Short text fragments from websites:
=-=-=-=-=
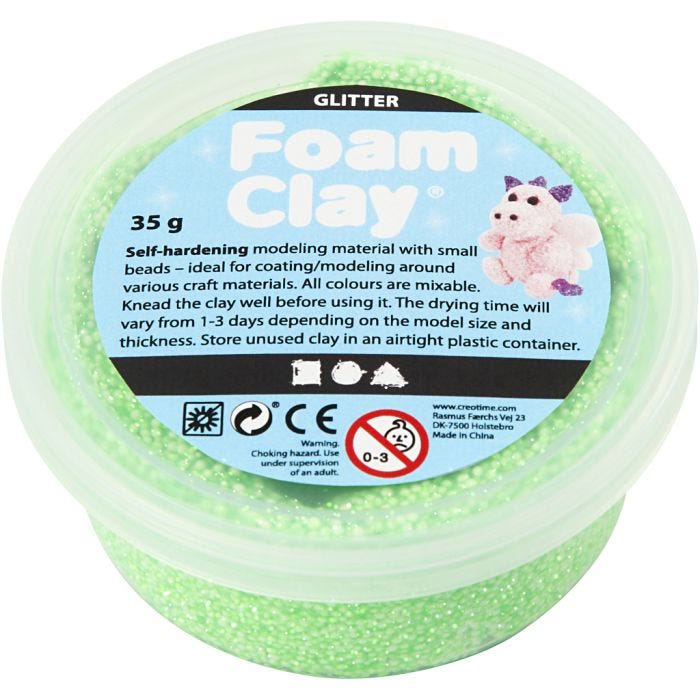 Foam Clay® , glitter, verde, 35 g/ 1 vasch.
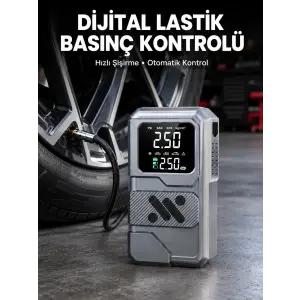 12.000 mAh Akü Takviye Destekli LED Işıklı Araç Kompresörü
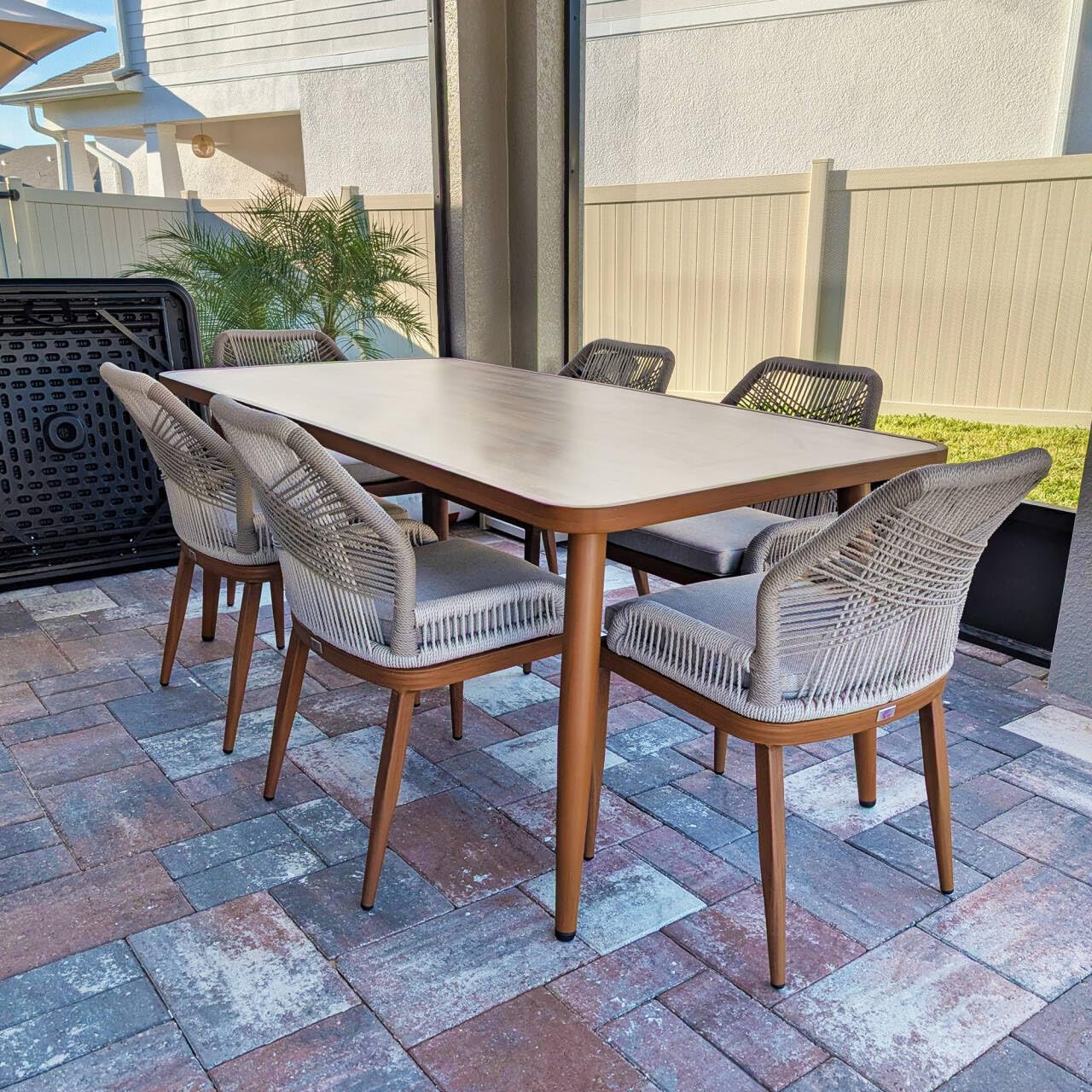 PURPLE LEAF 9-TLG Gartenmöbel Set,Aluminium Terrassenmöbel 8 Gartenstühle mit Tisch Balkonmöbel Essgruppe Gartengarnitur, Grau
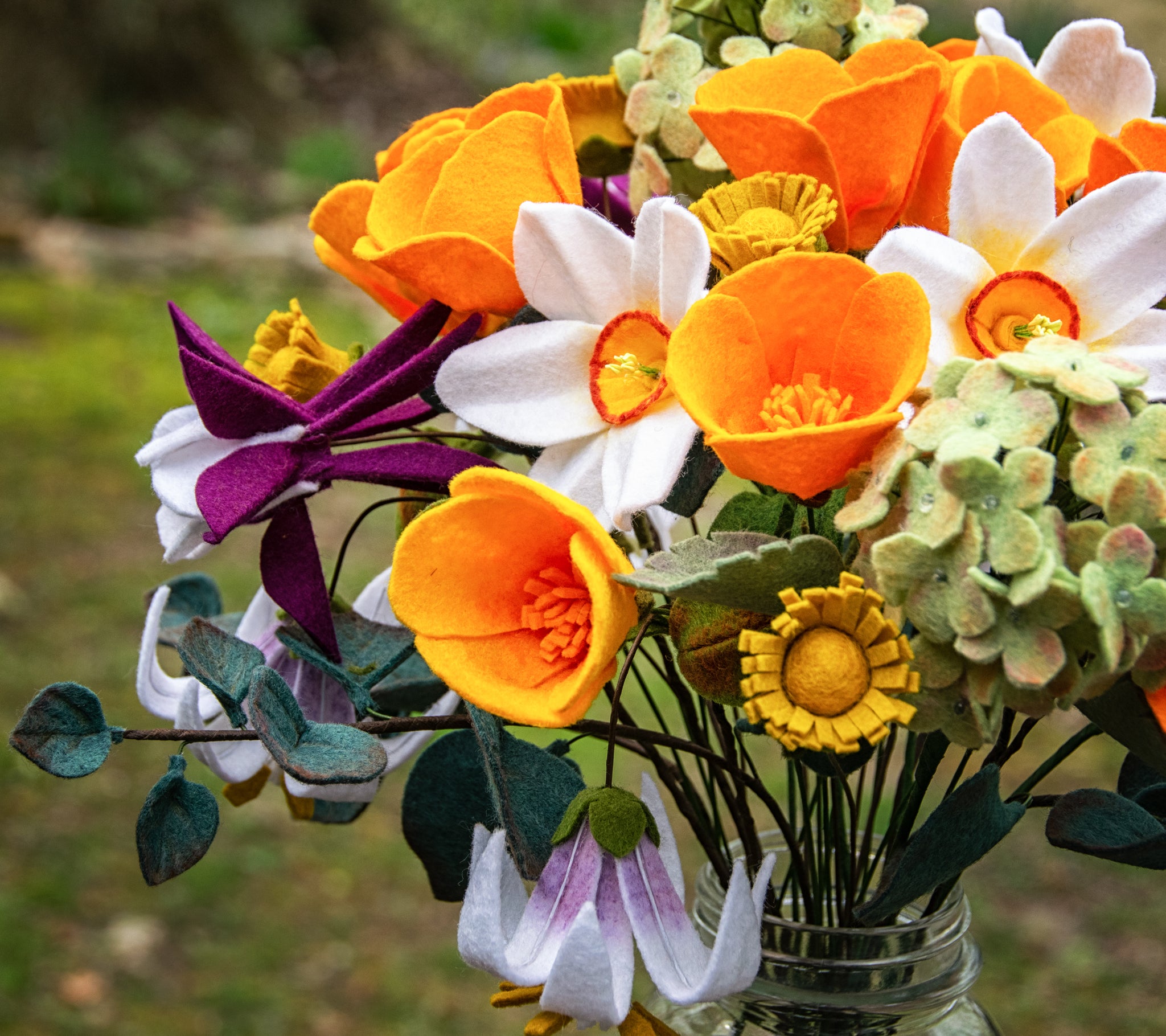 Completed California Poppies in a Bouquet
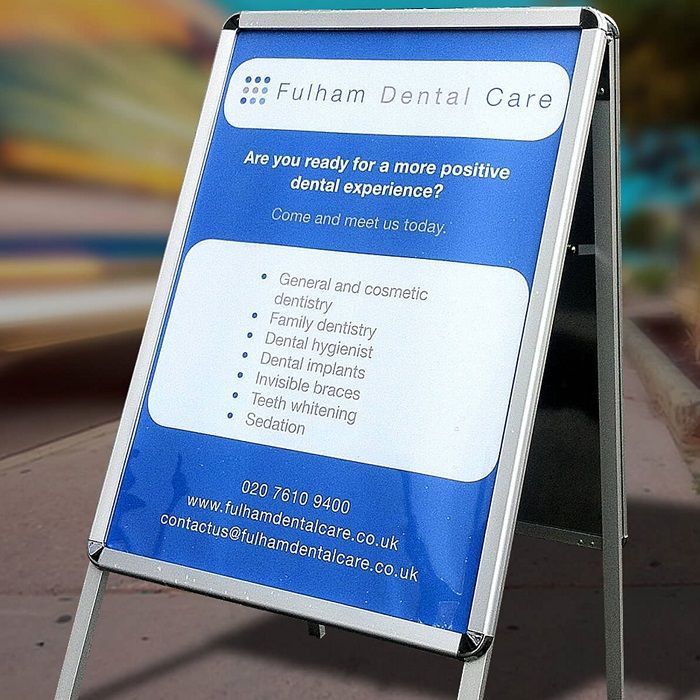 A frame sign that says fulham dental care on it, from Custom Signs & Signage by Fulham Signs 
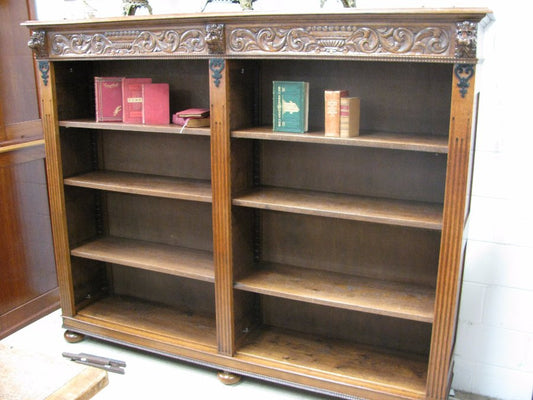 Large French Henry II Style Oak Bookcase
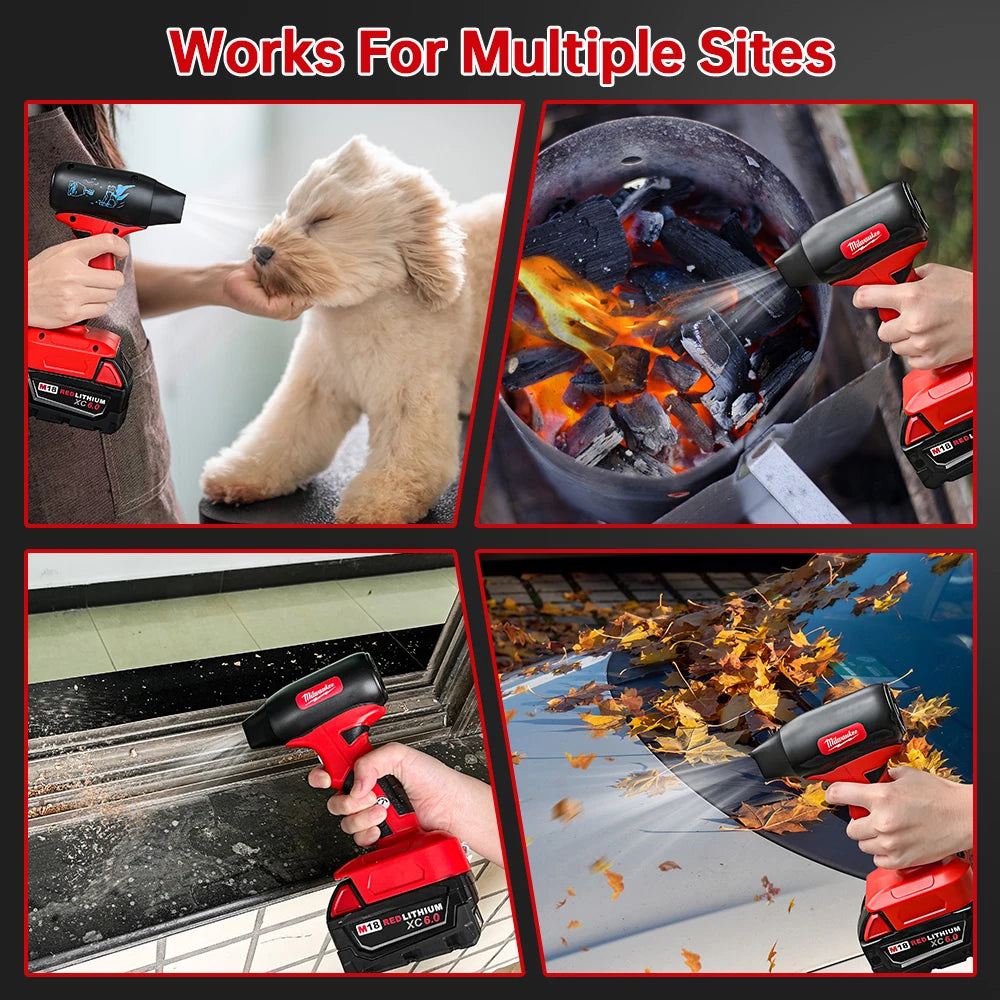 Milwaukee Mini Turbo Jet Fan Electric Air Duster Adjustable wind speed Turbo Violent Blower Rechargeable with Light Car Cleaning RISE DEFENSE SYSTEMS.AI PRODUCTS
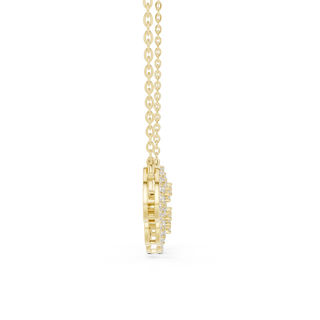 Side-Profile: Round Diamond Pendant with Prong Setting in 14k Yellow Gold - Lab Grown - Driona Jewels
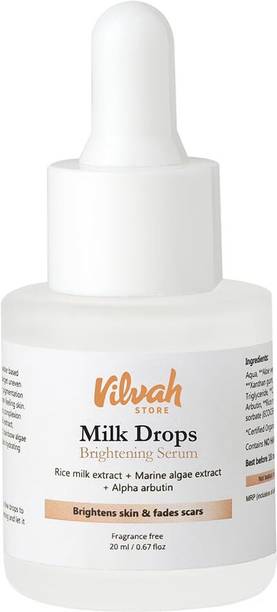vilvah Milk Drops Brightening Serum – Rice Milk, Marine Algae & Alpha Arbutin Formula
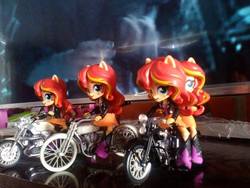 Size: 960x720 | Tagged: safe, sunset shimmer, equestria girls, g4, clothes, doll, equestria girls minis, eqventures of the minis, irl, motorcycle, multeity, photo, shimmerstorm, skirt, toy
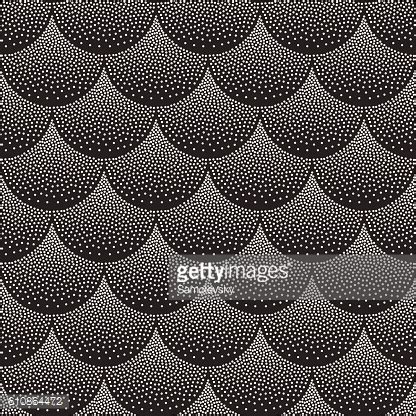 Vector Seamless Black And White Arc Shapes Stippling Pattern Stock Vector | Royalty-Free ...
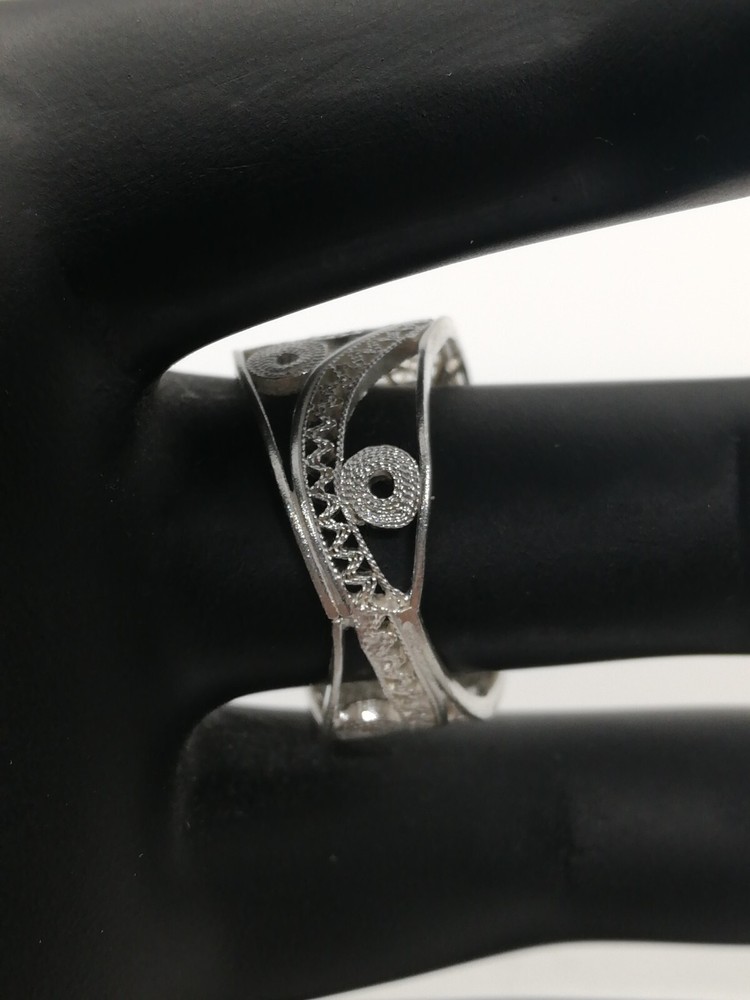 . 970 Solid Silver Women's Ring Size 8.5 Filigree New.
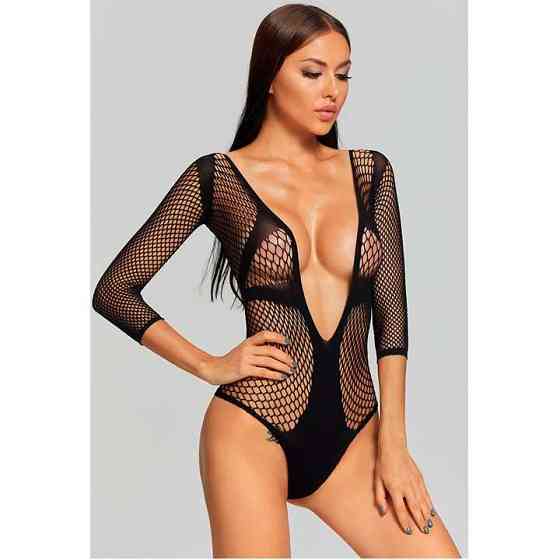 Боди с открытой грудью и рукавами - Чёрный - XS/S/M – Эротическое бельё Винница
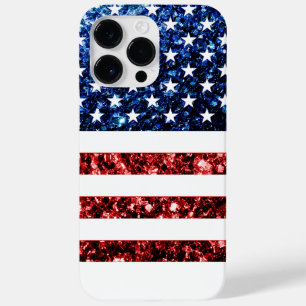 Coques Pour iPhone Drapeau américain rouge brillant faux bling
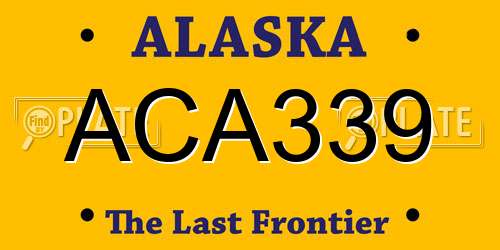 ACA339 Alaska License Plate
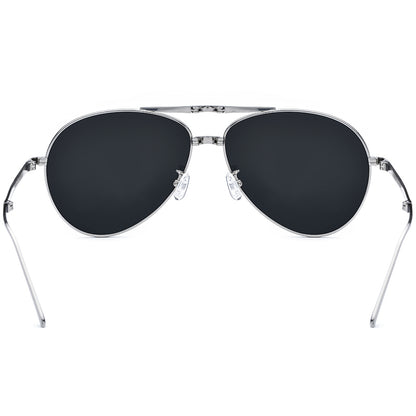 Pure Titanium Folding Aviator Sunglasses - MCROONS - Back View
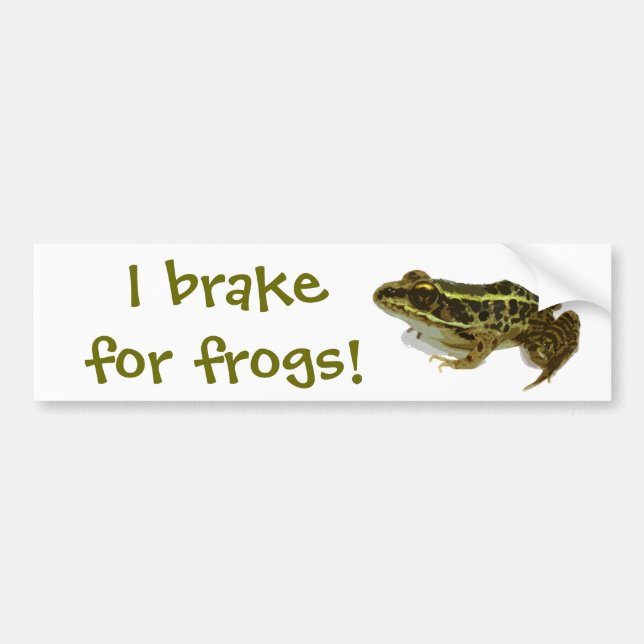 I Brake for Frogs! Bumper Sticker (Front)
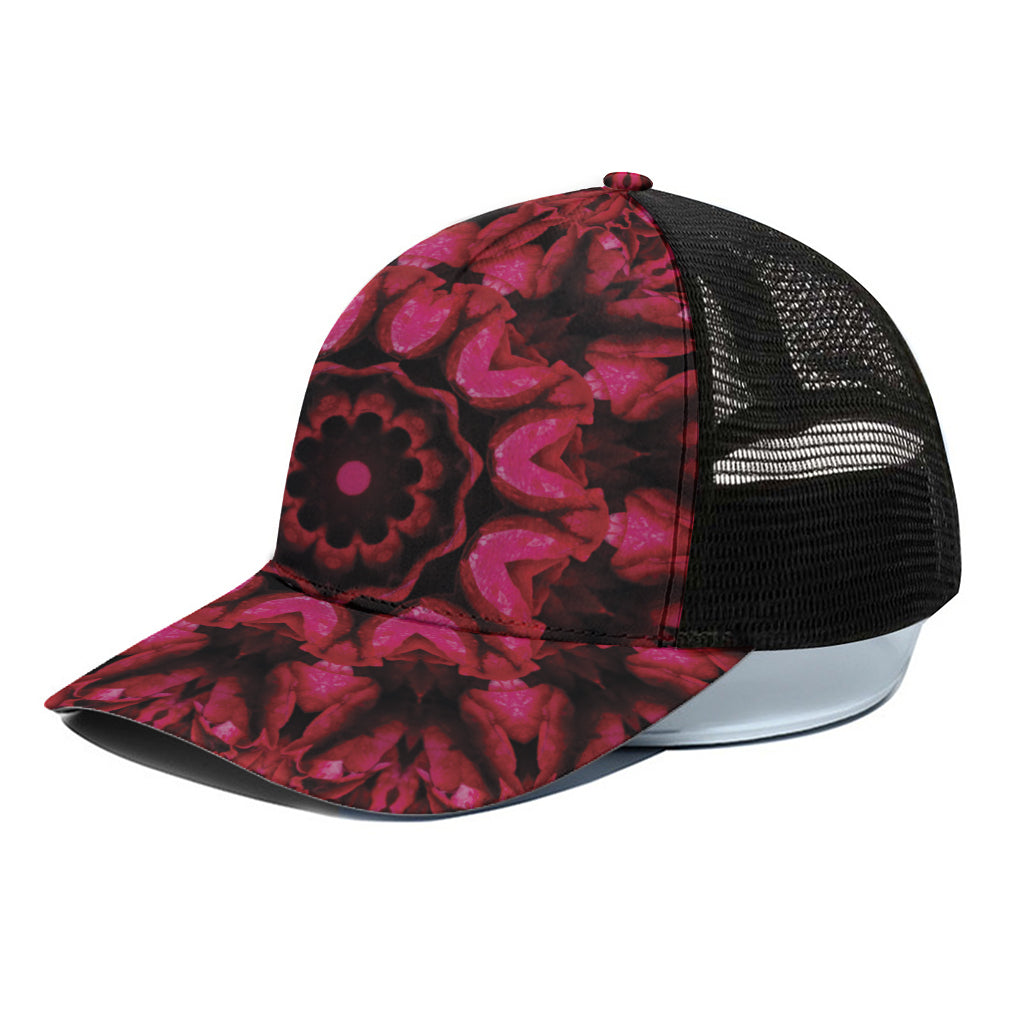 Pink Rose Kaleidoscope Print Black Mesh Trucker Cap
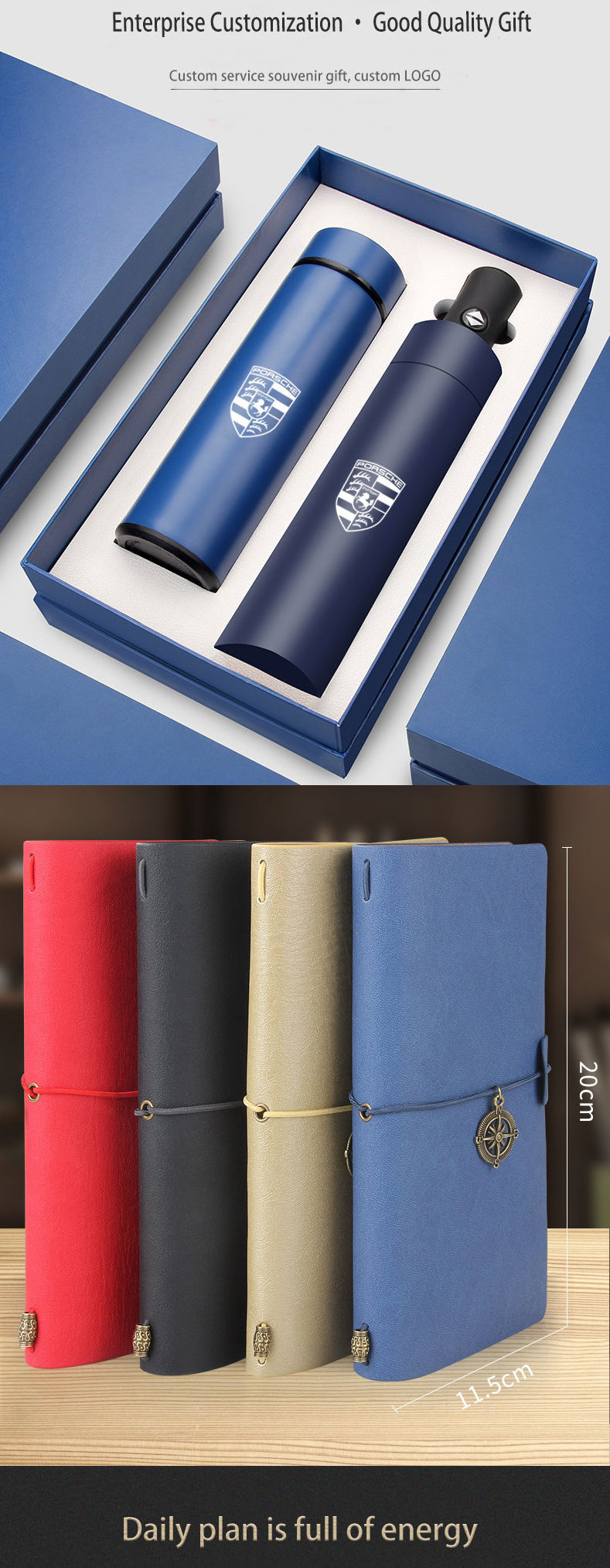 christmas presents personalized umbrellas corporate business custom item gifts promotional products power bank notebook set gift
=-=-=-=-=
DESCRIPTION OF THE TASK: Your copy should hold every entry exactly as written, but none of the pictures.

SOLUTION BELOW:
 Foam Clay® , glitter, verde, 35 g/ 1 vasch.
 12.000 mAh Akü Takviye Destekli LED Işıklı Araç Kompresörü
 PURPLE LEAF 9-TLG Gartenmöbel Set,Aluminium Terrassenmöbel 8 Gartenstühle mit Tisch Balkonmöbel Essgruppe Gartengarnitur, Grau
 Completed California Poppies in a Bouquet
 A frame sign that says fulham dental care on it, from Custom Signs & Signage by Fulham Signs 
 Large French Henry II Style Oak Bookcase
 Milwaukee Mini Turbo Jet Fan Electric Air Duster Adjustable wind speed Turbo Violent Blower Rechargeable with Light Car Cleaning RISE DEFENSE SYSTEMS.AI PRODUCTS
 Side-Profile: Round Diamond Pendant with Prong Setting in 14k Yellow Gold - Lab Grown - Driona Jewels
vilvah Milk Drops Brightening Serum – Rice Milk, Marine Algae & Alpha Arbutin Formula
 Size: 960x720 | Tagged: safe, sunset shimmer, equestria girls, g4, clothes, doll, equestria girls minis, eqventures of the minis, irl, motorcycle, multeity, photo, shimmerstorm, skirt, toy
 Vector Seamless Black And White Arc Shapes Stippling Pattern Stock Vector | Royalty-Free ...
 . 970 Solid Silver Women's Ring Size 8.5 Filigree New.
 Боди с открытой грудью и рукавами - Чёрный - XS/S/M – Эротическое бельё Винница
 Coques Pour iPhone Drapeau américain rouge brillant faux bling
 ACA339 Alaska License Plate
 Pure Titanium Folding Aviator Sunglasses - MCROONS - Back View
 I Brake for Frogs! Bumper Sticker (Front)
 Pink Rose Kaleidoscope Print Black Mesh Trucker Cap
 christmas presents personalized umbrellas corporate business custom item gifts promotional products power bank notebook set gift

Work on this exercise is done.